When I got back, the prospect of living at home with my dad and working at the video store was grim, and both my friends were moving to Seattle for work and school. I came along and spent the year working in a gift shop, dj-ing at this amazing online radio station, and making my own little projects go. But I felt lost. I was broke most of the time. I didn’t have a community surrounding me. I was out of school for the first time in my life and I didn’t know what to do with myself. I thought I had to continue the education that I have received, and was always sad that I couldn’t recreate the same intensity. I couldn’t get the same amount of activity from myself as I had in the past.

I felt shitty. It rained a lot. I fought with my best friend. I didn’t know where I was going, but I knew I wanted to go somewhere. I felt isolated. Existential crises seemed to rule my life and my brain.

I didn’t understand it. No one tells you how hard it is to transition to the real world after college. In school, everyone is trying to help you. There are tons of programs that provide you with resources. There are many amazing, motivated, talented, and brilliant people around you all the time.

In the real world, everything is different. Everyone must fend for themselves. There isn’t as much cooperation between people. People don’t talk to each other as much, and the things they discuss aren’t nearly as interesting overall. There are always exceptions to this rule, but people are basically too busy trying to survive to focus on those other things. It has always been this way. This is why the rich have so much power: money and time.

It’s hard to go from living in a magical fantasyland where anything seemed possible, to living in a world where you have to struggle to feed yourself and keep yourself housed and clothed. I didn’t realize what a challenge it would be to do these things.

When I decided to move back to California, the economy was tanking. I had fallen in love, and I was working two jobs to save money for the move. I imagined we’d land at my dad’s house, get jovs, and move into the city straight away. But, my sister was pregnant, and she and her husband moved into dad’s house. We both moved in on the same day. I applied to job after job, without even a whisper of interested. I finally got a terrible job serving entitled rich white people. My boyfriend got a job at a packaging store. We worked, him too much, me too little. We were miserable.

It has been a rough year. With so many people unemployed, it seems useless to even apply for things. I have been depressed. I have gained weight. But I’m trying to toughen up. I’m trying to create my own business. I’m trying to take care of myself as best I can, and get a tighter grasp on all those things that make me happy. I try and listen to more music. I’m trying to dance more. I’m trying to connect with my friends, and be more involved in some kind of community.

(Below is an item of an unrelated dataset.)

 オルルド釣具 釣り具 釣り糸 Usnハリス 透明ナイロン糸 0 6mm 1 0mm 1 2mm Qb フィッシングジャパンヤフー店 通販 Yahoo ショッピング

I am just starting, and it is hard. All my ideas of what life is supposed to be like, and who I am, have been changing. Once, someone said to me that the best wine come from vines which have suffered. Bad weather, wind, drought, flood, all of these things that tax the vines make the grapes richer. The experience makes the wine more complex, more interesting, more satisfying to the taste. I keep trying to think of this place as temporary, of this darker time in my life as something that is just starting to end. Things will turn around, as they do. I can still make things happen, and I shouldn’t stop trying.